The report specifically pointed out that the CCP’s current sentence against Uyghurs, Kazakh elites, and the people is so severe that it is horrifying. It is not uncommon to see imprisonment for more than ten years or death sentences; torture and mistreatment of detained political prisoners and prisoners of conscience are widespread and serious. Many have been subjected to torture or long-term abuse during their detention, and they were forced into mental hospitals, and some were even tortured to death. The authorities’ suppression of religious figures continues. Since Xi Jinping took power, the CCP’s persecution of religious figures has become increasingly serious.

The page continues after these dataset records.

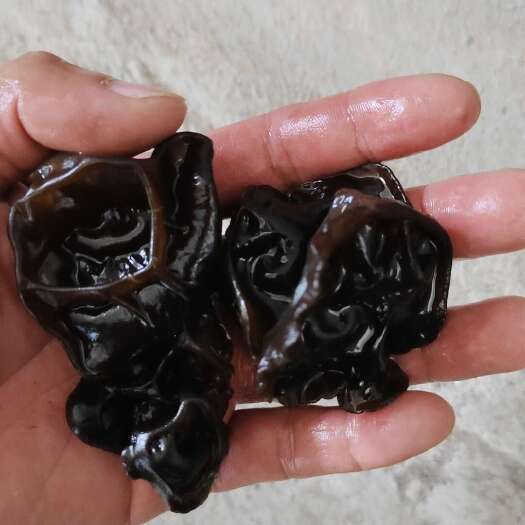 东宁市东北黑木耳水发木耳大筋水发货东北黑木耳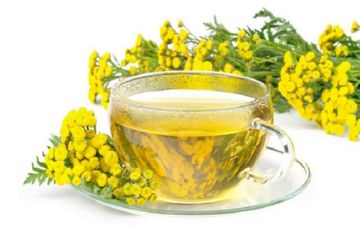 Як позбутися від лобкових вошей у чоловіків і жінок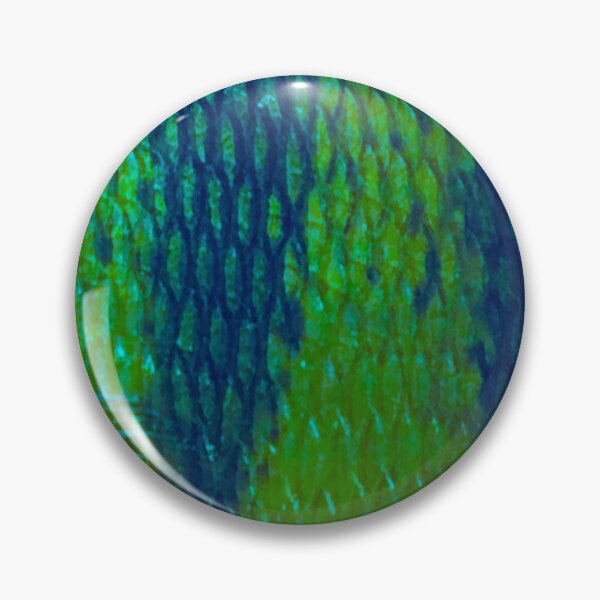 Item preview, Multi Colored Perch Skin Perch Dark Version  designed and sold by CJRPics.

In addition, Falun Gong is still one of the most severely suppressed groups by the CCP. Every month, dozens of Falun Gong practitioners are sentenced across the country. [Chinese]

With no doubt, September’s highest profile political prisoner was Ren Zhiqiang. Back in March Ren ruthlessly ridiculed Xi Jinping in an essay that circulated online:

I saw [in Xi’s teleconferenced February 23 speech] not an emperor standing there exhibiting his “new clothes,” but a clown who stripped naked and insisted on continuing being emperor. Despite holding a series of loincloths up in an attempt to cover the reality of your nakedness, you don’t in the slightest hide your resolute ambition to be an emperor, or the determination to let anyone who won’t let you be destroyed. [Source]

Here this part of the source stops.